ECLI:NL:RVS:2025:478
Raad van State
- Voorlopige voorziening
- Rechtspraak.nl
Afwijzing verblijfsvergunning en verzoek om voorlopige voorziening in vreemdelingenrechtelijke zaak
Op 12 februari 2025 heeft de voorzieningenrechter van de Afdeling bestuursrechtspraak van de Raad van State uitspraak gedaan in een zaak betreffende een verzoek om voorlopige voorziening. De zaak betreft een vreemdeling die een aanvraag voor een verblijfsvergunning regulier voor bepaalde tijd had ingediend, welke op 10 augustus 2022 door de staatssecretaris van Justitie en Veiligheid was afgewezen. De vreemdeling maakte bezwaar tegen deze afwijzing, maar de minister verklaarde dit bezwaar op 11 september 2024 ongegrond. Hierop volgde een beroep bij de rechtbank Den Haag, die op 19 december 2024 het beroep gegrond verklaarde en de minister opdroeg een nieuw besluit te nemen met inachtneming van de uitspraak. De minister ging in hoger beroep tegen deze uitspraak en verzocht tevens om een voorlopige voorziening.

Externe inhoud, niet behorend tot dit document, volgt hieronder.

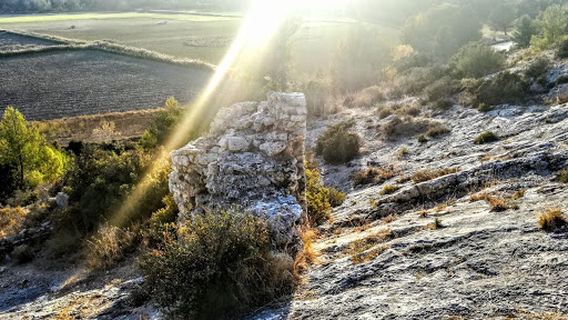 Fontvieille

De voorzieningenrechter oordeelde dat het hoger beroep niet leidt tot vernietiging van de uitspraak van de rechtbank, omdat het hogerberoepschrift geen vragen bevatte die in het belang van de rechtseenheid of rechtsontwikkeling beantwoord moesten worden. De rechtbank had een motiveringsgebrek geconstateerd, dat eenvoudig te herstellen was. Het hoger beroep werd ongegrond verklaard en de uitspraak van de rechtbank werd bevestigd. Het verzoek om voorlopige voorziening werd afgewezen, en de minister werd veroordeeld tot vergoeding van de proceskosten van de vreemdeling, die op € 907,00 werden vastgesteld, evenals een griffierecht van € 579,00.